Paul staat met zijn armen over zijn borst gekruist in mijn deuropening. We waren zo druk aan het ruziën dat geen van ons eraan dacht de deur te sluiten. Bellamy staat in een oogwenk op en stapt naar voren om de vreemdeling te ontmoeten. Paul spreekt, zijn toon is er een van complete walging.

“Een Shifter?” bijt hij, starend naar Bellamy's merkteken.

“Ik dacht dat je zo'n aardig meisje was, Ryann. Ik hoop niet dat je van plan bent om Shifters op elk uur van de dag in mijn gebouw te laten komen.” snauwt hij. Bellamy doet een stap dichterbij, zijn houding is defensief. Ik sta op en ga tussen hen in staan.

“Bellamy, negeer mijn buurman. Het lijkt erop dat hij slechte manieren heeft. Paul, ga uit MIJN appartement. Dit gebouw is van Maggie, niet van jou, en er is geen reden waarom ik niet kan uitnodigen wie ik wil.” herinner ik hem. Dus Bellamy is een beetje een eikel, maar ik ga niet toestaan dat mijn buurman beledigend is vanwege zijn soort. Paul kijkt me boos aan.

“Nou, sorry dat ik kwam kijken hoe het met je ging nadat deze bruut bijna je deur had ingebeukt. Ik kon het beneden horen. Magiërs doen echt alsof de regels niet voor hen gelden, nietwaar?” hij richt de laatste opmerking naar Bellamy, die eruitziet alsof hij Paul wil neerslaan.

Ik geef hem geen ongelijk. Paul werkt ook op mijn zenuwen.

Zonder iets te zeggen, trek ik de mouw van mijn pyjama zo hoog mogelijk op mijn arm. Het is net genoeg om de onderkant van mijn merkteken zichtbaar te maken. Pauls uitdrukking wordt donkerder.

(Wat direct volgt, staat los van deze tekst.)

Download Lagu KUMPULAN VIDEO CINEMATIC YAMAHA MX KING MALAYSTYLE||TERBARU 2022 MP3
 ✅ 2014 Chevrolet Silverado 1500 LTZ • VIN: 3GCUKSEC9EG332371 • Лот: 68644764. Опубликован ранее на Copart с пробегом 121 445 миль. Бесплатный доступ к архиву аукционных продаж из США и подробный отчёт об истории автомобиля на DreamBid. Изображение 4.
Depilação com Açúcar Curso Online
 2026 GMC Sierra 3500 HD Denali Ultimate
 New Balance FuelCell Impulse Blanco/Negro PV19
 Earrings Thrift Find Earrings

“Wat is dit? Maggie beloofde dat iedereen in dit gebouw veilig was. Ik denk dat een oud vrouwtje vrij gemakkelijk voor de gek te houden is, hè?”

Ik knap. Het is één ding om Bellamy te beledigen, ik ken hem nauwelijks. Mij beledigen?

Prima, waarom niet. Het is niet alsof er niet al talloze mensen zijn die het doen, ik kan het wel aan. Maar Maggie? Zij is de beste persoon die ik ken, en ik kan het niet verdragen om hem zo over haar te horen praten. Ik zou waarschijnlijk niet fysiek moeten worden, maar ik kan het gewoon niet helpen. Mijn hand vliegt voordat mijn brein registreert dat het beweegt en ik sla hem hard in zijn gezicht.